Jika tidak mau latihan di pelatnas dianggap hengkang dari tim nasional. 

Ya tim nasional negara-negara lain yang sukses punya pemusatan latihan juga, tapi tidak memaksakan kehendak.

Sistem “mengharuskan” ini menyempitkan perspektif perenang-perenang nasional Indonesia. 

Mindset “target tertinggi juara SEA Games terus nyari duitnya di PON” seperti sudah mendarah daging dan terdoktrin sebagai satu-satunya jalan sukses dunia renang Indonesia.

Di tahun 2019 dunia renang berubah dengan adanya International Swimming League, liga renang dunia yg membuka kesempatan kepada banyak perenang untuk mengambil jalur profesional.

Banyak perenang dari penjuru dunia bertanding di ISL, dan bukan hanya perenang Olimpiade yang bertanding di ISL, banyak yang memang hanya spesialis kolam pendek.

Salah satunya adalah Claire Fisch, murid dari mantan pelatih nasional Lisa Siregar. 

Claire adalah perenang lulusan Auburn, anak didik Kak Lisa sejak kecil yang membela Toronto Titans. 

Dia belum pernah berangkat ke kejuaraan dunia dan semacamnya, tapi kebetulan kebolehannya di nomor estafet cocok untuk Toronto Titans.

Sistem ISL membuat renang seperti olahraga permainan di mana setiap atlet punya perannya masing-masing.

Melihat ISL dengan lensa renang Indonesia, otak saya langsung tertuju pada Fadlan Prawira yg menurut saya perenang Indonesia paling cocok bertanding di ISL.

Walau ada perenang Indonesia lain yg sudah lolos waktu kualifikasi ISL draft, kemampuan Fadlan untuk bertanding back-to-back di berbagai nomor pertandingan lah yg membuat saya yakin model pertandingan ISL yg padat cocok untuknya.

If there is one Indonesian swimmer that could or should compete there, it’s him.

Tapi apa daya, pasti dibilang “mimpi ketinggian” atau “gausah muluk2 lah”.

Terus latihan setiap hari tujuannya apa?
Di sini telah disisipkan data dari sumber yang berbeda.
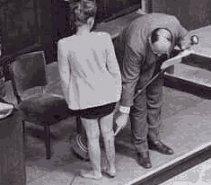 American medical expert Leo Alexander points to scars on the leg of Jadwiga Dzido, result of medical experiments at the Ravensbrueck concentration camp. 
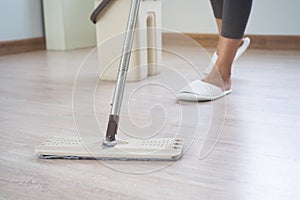 Housekeeper cleaning floor of living room by mob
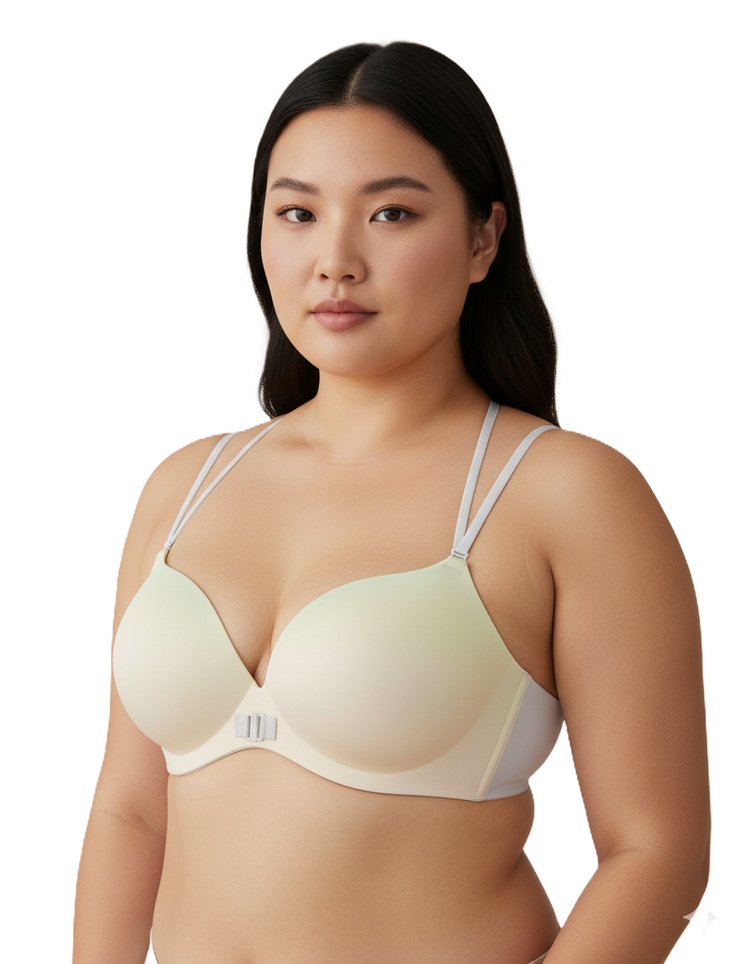 Woman wearing a light-colored bra against a white background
Ngikutin pengurus yg otaknya cuma ngejar medali SEA Games then call it a day?

Mau nyari pencaharian sambil ngejar prestasi tapi cuma mengandalkan PON yang sorry to say, berdasarkan PON Papua kemarin, gengsinya udah gak ada.

Saya tidak merendahkan medali SEA Games karena untuk mendapatkan itu susahnya setengah mati. Yang salah adalah melihatnya sebagai satu-satunya pendefinisi “sukses”.

Nyatanya SEA Games dan ISL tidak bisa dibandingkan apple-to-apple, model pertandingan dan jarak kolamnya saja sudah beda.

Mencari kesempatan tembus ke ISL juga tidak sesederhana harus berenang cepat, harus mengerti langkah-langkah masuk draft tim ISL, mengerti nomor apa yg bisa jadi celah untuk masuk salah satu tim ISL, dan seperti bisnis pada umumnya, harus berani menginvestasikan dana untuk bisa membuka kesempatan tersebut.

Atlet harus belajar independen dan (idealnya) dibantu orang yg mau bantu mencari jalan, bukan pengurus-pengurus PRSI yg otaknya cuma ngejar target yang dikasih atasan.

Intinya, sistem pengurusan renang Indonesia mengurung atlet-atletnya secara fisik dan psikologis.

Bukan hanya melarang atletnya untuk memilih tempat latihan yg terbaik untuk mereka sendiri, tapi juga mendoktrin target prestasi yg wawasannya sempit.

Mungkin contoh Taufik Hidayat terkesan terlalu ekstrim mengingat dia peraih medali emas Olimpiade, tapi renang Indonesia kan memang belum ada pada tingkatan itu. 

Misalnya satu perenang top memilih latihan di luar pelatnas secara independen, apa pengurus gak rugi kalau moncoretnya?

Atlet harus sadar bahwa tanpa mereka, pengurus tidak punya apa-apa.